En effet, lorsqu'on est en présence d'une équation avec $f : \mathbb{R} \to \mathbb{R}$, il arrive parfois que l'on parvienne à trouver la valeur de $f(2)$ en fonction de $f(1)$, puis la valeur de $f(3)$ en fonction de $f(1)$, etc. Il est alors souvent possible d'en déduire par récurrence la valeur de $f(n)$ en fonction de $f(1)$ pour tout $n \in \mathbb{N}$, comme nous l'avons fait pour l'équation de Cauchy. Dans un tel contexte, il peut donc être une bonne idée d'appliquer le même raisonnement que celui que nous avons donné pour résoudre l'équation de Cauchy. L'étape suivante est donc d'essayer de montrer que $f(-x) = -f(x)$ pour tout $x$, ce qui permet de trouver la valeur de $f(z)$ pour $z \in \mathbb{Z}$. On peut ensuite chercher à montrer que $f(nx) = n f(x)$ pour tout $n \in \mathbb{N}$ et tout $x$, ce qui pourrait nous donner $f(q)$ pour tout $q \in \mathbb{Q}$.

À ce stade, on a généralement le sentiment d'avoir résolu l'équation puisqu'on a trouvé la valeur de $f$ en chaque nombre rationnel. Comme nous l'avons vu dans le cadre de l'équation de Cauchy, il n'est cependant pas aisé (voire même parfois impossible) d'en déduire que la formule trouvée pour les rationnels est également vraie pour les nombres réels. Pour pouvoir ainsi passer des rationnels aux réels, il faut comme pour l'équation de Cauchy que $f$ soit continue ou monotone. Nous ne donnons pas ici de théorème général permettant de passer de $\mathbb{Q}$ à $\mathbb{R}$, mais l'idée est que, si $f$ est continue ou monotone, alors toute formule "raisonnable" trouvée pour $f$ sur $\mathbb{Q}$ est également valable sur $\mathbb{R}$. En fait, la continuité et la monotonie empêchent $f$ de ne pas respecter la formule en un nombre réel. Cela vient du fait que $\mathbb{Q}$ est dense dans $\mathbb{R}$, ce qui signifie que tout élément de $\mathbb{R}$ peut être approché par une suite de nombres rationnels.

On peut donc pour conclure tenter de montrer que $f$ est continue ou monotone. À moins que la continuité ou la monotonie ne soit donnée dans l'énoncé, il est en pratique assez compliqué de le prouver à partir de l'équation fonctionnelle.

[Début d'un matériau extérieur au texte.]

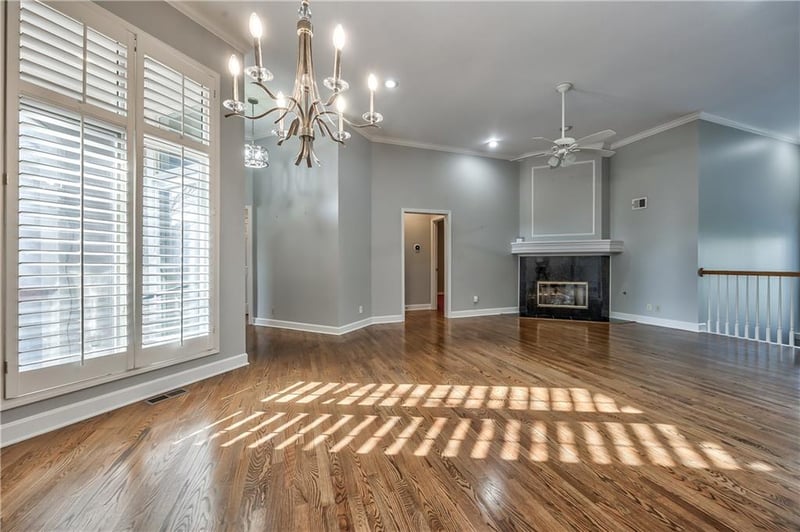 12216 England St, Overland Park, KS 66213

Il vaut généralement mieux tenter de continuer à trouver de nouvelles relations intéressantes à partir de l'équation fonctionnelle, et de les combiner avec les résultats sur les nombres rationnels pour conclure. Cela n'est pas possible pour l'équation de Cauchy, mais les équations fonctionnelles d'olympiades sont en général bien plus "fournies", en ce sens que l'on a généralement pas encore utilisé toutes les informations données par l'équation lorsqu'on a trouvé les valeurs sur les nombres rationnels.

Si cela ne semble pas fonctionner et si on a de bonnes raisons de croire qu'il est possible de prouver la monotonie (par exemple en utilisant $f(x)^2 \geq 0$ ou si l'équation est en fait une inéquation) alors on peut tout de même essayer de la prouver. La continuité est quant à elle assez rarement démontrable.